[EXERCISE INPUT]
■ ■ ■ ■ ■ ■ ■
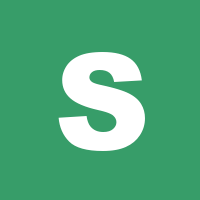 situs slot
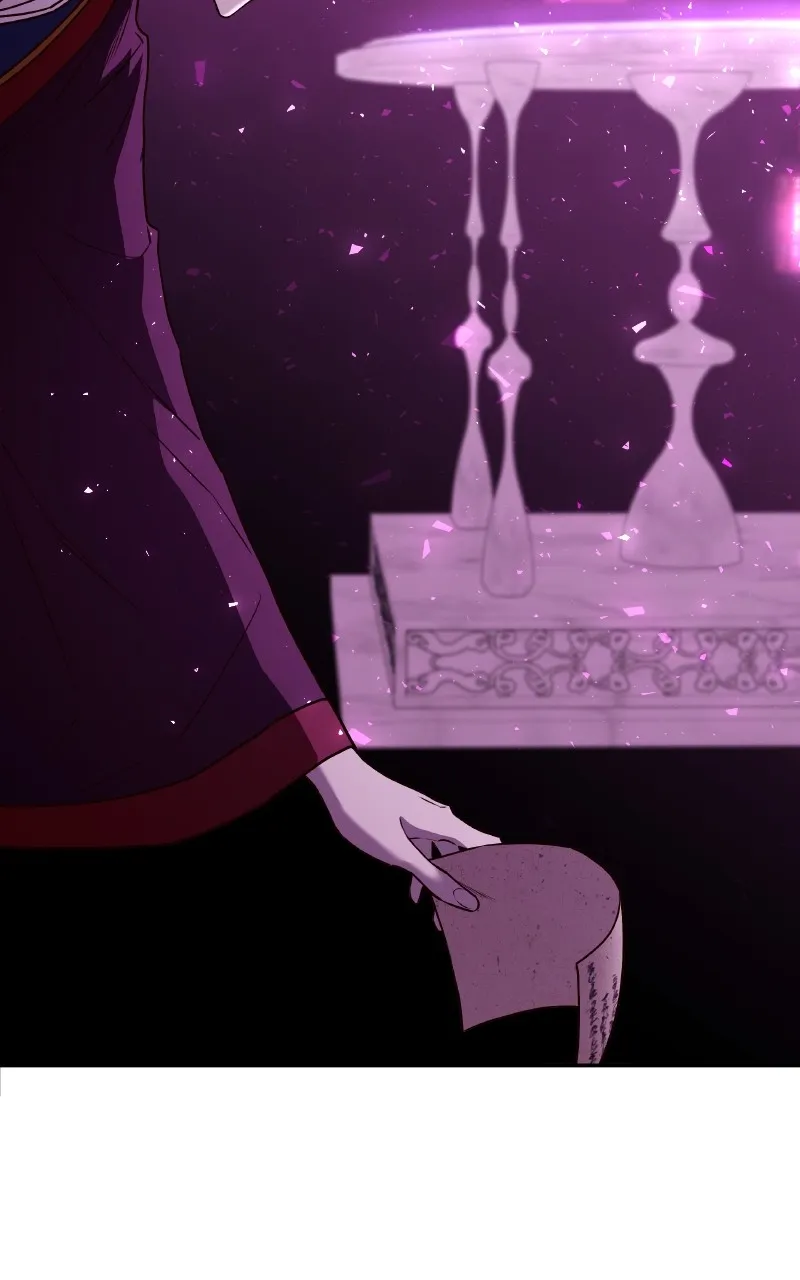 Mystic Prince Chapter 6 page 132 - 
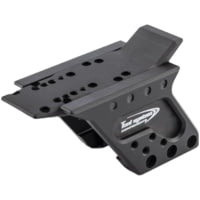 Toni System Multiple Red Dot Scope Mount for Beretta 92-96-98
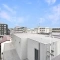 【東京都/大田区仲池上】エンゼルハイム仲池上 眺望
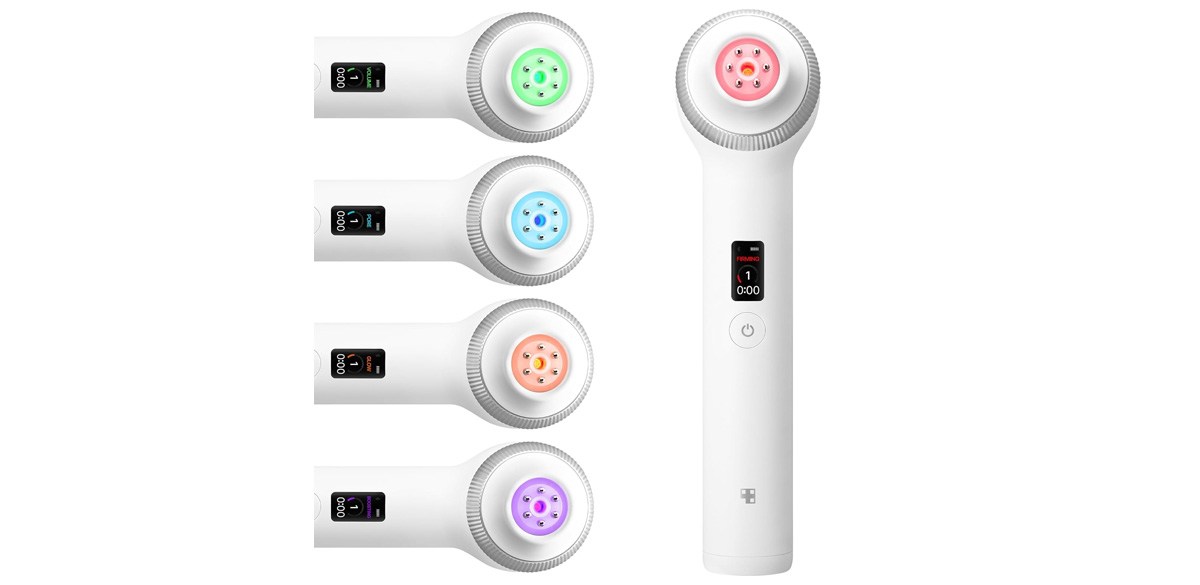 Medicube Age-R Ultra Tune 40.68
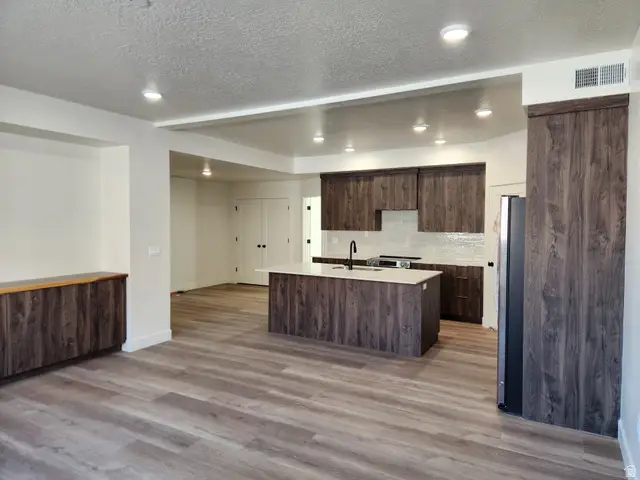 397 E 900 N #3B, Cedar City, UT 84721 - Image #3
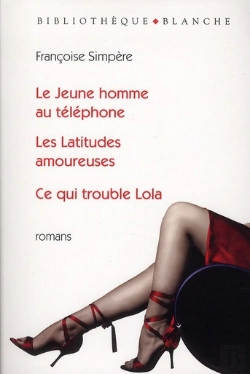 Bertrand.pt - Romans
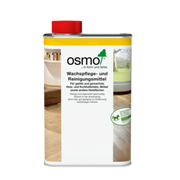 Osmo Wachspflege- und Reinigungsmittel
■ ■ ■ ■ ■ ■ ■
[TASK INSTRUCTIONS] Retype the listing exactly. Skip every picture.

[ANSWER TO THE PROBLEM]
 situs slot
 Mystic Prince Chapter 6 page 132 - 
 Toni System Multiple Red Dot Scope Mount for Beretta 92-96-98
 【東京都/大田区仲池上】エンゼルハイム仲池上 眺望
 Medicube Age-R Ultra Tune 40.68
 397 E 900 N #3B, Cedar City, UT 84721 - Image #3
 Bertrand.pt - Romans
 Osmo Wachspflege- und Reinigungsmittel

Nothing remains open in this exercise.